10. The Optimism. The next time, you’ll land it. There’s always next time, always another swell coming, another break, another chance to pop-up and speed down the line towards enlightenment — or reef rash.
11. The Humbling. How every time you feel like you’re on fire and the board is a part of you, the sea rolls you under and tells you who’s in charge.
12. The Detachment. No phone, Netflix, email, Instagram. Quiet introspection during lulls, ferocious crashing on the inside, the call of the gulls and flapping of pelican wings, the hiss of the wind. Enough said.
13. The Camaraderie. Walking down the beach to paddle out, there’s that knowing glance from the guy or girl headed back the other way. Last week a guy stopped me as I headed out and said, “Some fun ones out there! Stay inside, stay inside!” He was right, I did, and thanks for the tip and the good vibes!
14. The Competition. The inherent pushing and angling for waves keeps us sweating and strategizing. Keeps us going.

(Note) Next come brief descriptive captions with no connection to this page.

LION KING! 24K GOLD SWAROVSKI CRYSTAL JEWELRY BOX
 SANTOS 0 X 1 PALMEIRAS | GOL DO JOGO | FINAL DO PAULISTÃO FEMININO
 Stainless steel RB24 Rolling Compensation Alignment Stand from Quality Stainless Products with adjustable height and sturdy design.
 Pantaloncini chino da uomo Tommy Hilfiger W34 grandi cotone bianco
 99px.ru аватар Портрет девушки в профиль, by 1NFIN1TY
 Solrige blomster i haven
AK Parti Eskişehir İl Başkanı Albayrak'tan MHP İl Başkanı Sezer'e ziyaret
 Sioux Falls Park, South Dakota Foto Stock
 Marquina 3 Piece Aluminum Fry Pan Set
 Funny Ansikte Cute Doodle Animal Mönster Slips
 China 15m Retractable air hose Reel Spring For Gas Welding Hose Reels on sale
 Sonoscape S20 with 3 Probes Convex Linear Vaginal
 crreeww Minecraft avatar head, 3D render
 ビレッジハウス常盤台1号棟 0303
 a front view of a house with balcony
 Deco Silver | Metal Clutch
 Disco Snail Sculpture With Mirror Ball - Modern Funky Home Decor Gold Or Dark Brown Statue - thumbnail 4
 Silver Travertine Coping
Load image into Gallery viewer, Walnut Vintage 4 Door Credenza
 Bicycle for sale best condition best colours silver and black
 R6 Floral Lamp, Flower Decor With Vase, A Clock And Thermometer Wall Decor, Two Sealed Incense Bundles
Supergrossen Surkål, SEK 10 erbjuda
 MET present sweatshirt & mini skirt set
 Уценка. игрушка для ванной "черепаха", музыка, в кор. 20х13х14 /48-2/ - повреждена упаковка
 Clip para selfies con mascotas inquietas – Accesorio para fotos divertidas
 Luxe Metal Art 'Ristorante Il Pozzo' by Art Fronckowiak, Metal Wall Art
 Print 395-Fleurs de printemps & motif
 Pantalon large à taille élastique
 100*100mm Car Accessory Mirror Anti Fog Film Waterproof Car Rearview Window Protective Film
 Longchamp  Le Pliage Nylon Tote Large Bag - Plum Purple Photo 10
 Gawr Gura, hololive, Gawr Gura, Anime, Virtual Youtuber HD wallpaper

15. The Kookiness. Have you ever listened to surfers’ conversations from an outsider’s angle? And what about our acute obsession with water toys, the way we analyze and compare them as if our lives depend on fin placement, dims, concave and volume?
16. The Creative Breakthrough of styling out a move you’ve never landed before, maybe never seen before, never invented before. It could be as simple as a floater or as complex as a rodeo — it doesn’t matter.
17. The Falling. The endless, chaotic, beautiful falling that reminds us we’re humans and, sadly, not dolphins. That never gets old, it’s never the same, sometimes it’s painful, and it’s always worth it.
18. The Saltwater. Good for your skin, broken hearts, bruised ribs, a thirsty soul and everything else that ails you.
19. The Return. The triumphant first surf back after a break, no matter how short or long. Here I go. Hold my calls, don’t wait up and don’t worry, I’ll bring home tacos.
20. The Post-Surf Glow. If you know, you know.